Task brief
Below are several entries. Transcribe exactly those lines that fall from the one with "Inkalilien, Alstroemeria © M. Schuppich" through the one with "Thirteenth image of", end lines included.

START Data for processing

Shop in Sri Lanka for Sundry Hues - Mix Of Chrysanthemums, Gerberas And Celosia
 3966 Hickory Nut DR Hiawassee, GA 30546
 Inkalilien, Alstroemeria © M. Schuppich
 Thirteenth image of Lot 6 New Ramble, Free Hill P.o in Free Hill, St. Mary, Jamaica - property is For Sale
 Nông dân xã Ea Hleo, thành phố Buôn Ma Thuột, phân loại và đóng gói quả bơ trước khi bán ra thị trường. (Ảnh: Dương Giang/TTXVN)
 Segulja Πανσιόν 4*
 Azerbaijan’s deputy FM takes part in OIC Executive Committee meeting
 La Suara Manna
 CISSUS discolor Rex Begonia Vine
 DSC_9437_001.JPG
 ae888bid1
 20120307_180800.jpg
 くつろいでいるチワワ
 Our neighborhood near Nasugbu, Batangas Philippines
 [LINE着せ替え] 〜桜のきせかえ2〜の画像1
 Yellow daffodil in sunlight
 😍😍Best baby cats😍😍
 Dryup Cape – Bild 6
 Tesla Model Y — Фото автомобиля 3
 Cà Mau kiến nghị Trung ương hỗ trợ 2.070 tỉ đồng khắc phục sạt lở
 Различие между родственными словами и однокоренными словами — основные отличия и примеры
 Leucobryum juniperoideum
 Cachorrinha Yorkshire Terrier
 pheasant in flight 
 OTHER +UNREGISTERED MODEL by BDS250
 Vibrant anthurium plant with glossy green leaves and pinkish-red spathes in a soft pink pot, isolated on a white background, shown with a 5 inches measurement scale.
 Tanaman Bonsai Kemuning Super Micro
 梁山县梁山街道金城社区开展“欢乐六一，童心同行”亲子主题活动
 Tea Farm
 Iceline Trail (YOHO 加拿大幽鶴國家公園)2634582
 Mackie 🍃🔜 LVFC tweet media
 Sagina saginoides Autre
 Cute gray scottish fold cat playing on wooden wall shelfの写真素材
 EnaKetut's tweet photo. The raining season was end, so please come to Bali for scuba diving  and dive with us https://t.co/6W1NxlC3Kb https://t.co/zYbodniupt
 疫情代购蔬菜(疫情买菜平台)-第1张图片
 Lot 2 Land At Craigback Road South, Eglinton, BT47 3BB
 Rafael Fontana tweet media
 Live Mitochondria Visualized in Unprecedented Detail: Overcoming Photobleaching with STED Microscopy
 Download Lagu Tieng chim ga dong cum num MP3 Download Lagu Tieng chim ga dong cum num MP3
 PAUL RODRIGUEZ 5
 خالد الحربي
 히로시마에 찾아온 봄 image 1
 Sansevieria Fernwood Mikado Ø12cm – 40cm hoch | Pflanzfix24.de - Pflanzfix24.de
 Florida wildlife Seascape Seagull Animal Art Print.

END Data for processing

Expected answer
 Inkalilien, Alstroemeria © M. Schuppich
 Thirteenth image of Lot 6 New Ramble, Free Hill P.o in Free Hill, St. Mary, Jamaica - property is For Sale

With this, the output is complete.